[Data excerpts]

======

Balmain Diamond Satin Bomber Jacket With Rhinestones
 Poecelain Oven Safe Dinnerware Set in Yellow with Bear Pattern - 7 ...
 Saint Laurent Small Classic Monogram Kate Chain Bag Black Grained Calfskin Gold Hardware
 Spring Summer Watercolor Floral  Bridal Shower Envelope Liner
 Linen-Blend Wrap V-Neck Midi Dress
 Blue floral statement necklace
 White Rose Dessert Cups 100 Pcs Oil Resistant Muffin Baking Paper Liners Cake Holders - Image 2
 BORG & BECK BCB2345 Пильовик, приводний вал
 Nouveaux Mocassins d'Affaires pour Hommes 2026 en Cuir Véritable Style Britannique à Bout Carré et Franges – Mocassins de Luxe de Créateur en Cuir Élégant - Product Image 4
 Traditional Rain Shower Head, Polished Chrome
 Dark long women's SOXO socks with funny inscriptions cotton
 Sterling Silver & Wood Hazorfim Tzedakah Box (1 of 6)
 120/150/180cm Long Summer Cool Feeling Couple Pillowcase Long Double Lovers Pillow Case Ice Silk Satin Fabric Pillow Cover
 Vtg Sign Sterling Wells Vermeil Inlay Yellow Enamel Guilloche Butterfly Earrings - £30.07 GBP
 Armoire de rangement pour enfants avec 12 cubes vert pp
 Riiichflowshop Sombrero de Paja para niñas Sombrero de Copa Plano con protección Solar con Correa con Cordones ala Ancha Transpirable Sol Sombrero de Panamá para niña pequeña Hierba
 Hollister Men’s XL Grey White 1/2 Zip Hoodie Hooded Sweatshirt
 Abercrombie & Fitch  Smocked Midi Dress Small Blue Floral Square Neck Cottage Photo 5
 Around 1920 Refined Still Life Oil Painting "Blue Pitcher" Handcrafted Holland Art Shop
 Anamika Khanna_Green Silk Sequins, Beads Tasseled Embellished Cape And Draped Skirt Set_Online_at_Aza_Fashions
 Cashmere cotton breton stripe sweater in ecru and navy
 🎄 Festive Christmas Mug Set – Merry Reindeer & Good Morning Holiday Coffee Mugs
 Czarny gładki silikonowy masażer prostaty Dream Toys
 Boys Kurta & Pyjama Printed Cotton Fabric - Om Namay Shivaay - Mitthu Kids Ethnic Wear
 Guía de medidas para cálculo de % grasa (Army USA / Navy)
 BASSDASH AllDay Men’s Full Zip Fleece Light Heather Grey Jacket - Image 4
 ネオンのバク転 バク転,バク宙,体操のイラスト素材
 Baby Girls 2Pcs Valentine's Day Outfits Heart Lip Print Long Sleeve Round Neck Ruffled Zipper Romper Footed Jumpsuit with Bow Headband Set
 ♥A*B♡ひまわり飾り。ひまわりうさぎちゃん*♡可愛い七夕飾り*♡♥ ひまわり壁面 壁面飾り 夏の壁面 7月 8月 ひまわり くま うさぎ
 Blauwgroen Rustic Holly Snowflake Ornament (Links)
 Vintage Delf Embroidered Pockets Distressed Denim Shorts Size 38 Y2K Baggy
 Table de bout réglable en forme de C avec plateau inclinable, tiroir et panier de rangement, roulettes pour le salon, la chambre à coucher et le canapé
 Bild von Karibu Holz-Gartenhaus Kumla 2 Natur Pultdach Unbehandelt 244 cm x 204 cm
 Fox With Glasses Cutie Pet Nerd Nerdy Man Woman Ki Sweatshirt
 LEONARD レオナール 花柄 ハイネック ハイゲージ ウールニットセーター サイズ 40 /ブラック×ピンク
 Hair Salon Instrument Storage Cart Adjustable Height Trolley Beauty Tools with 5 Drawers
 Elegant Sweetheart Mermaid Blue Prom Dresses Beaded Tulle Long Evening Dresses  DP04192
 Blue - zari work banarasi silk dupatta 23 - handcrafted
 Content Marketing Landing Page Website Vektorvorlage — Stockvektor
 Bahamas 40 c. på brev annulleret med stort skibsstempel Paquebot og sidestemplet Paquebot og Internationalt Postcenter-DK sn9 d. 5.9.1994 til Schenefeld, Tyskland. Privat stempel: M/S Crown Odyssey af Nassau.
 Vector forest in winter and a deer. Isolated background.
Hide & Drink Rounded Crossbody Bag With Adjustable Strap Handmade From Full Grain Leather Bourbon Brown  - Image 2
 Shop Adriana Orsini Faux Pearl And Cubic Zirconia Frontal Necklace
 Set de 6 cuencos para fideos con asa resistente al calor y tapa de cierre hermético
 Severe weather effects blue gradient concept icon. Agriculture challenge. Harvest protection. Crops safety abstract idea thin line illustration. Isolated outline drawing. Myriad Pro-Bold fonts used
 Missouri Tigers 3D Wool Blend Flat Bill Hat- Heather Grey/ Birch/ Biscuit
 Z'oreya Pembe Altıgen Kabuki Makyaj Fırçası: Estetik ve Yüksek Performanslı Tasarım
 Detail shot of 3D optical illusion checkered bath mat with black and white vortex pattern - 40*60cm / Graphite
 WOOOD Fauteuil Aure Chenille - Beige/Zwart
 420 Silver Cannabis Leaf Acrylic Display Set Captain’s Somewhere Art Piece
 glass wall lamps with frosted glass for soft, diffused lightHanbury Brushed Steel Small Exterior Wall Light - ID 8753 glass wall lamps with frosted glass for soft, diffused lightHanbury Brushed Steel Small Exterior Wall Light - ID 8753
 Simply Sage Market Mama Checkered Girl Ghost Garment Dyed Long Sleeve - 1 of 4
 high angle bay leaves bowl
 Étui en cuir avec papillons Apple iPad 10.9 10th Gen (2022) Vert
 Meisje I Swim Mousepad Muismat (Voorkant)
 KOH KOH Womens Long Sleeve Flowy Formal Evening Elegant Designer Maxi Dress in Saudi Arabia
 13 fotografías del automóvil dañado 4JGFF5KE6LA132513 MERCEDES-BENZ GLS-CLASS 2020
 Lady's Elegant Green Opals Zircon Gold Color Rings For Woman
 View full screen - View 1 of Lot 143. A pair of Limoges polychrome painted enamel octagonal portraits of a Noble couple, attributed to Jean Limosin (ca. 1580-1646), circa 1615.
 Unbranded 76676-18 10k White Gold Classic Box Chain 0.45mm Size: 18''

======

## [Exercise objective]
Each line above with the word "Sweatshirt" needs to be copied.

## [Response below]
 Hollister Men’s XL Grey White 1/2 Zip Hoodie Hooded Sweatshirt
 Fox With Glasses Cutie Pet Nerd Nerdy Man Woman Ki Sweatshirt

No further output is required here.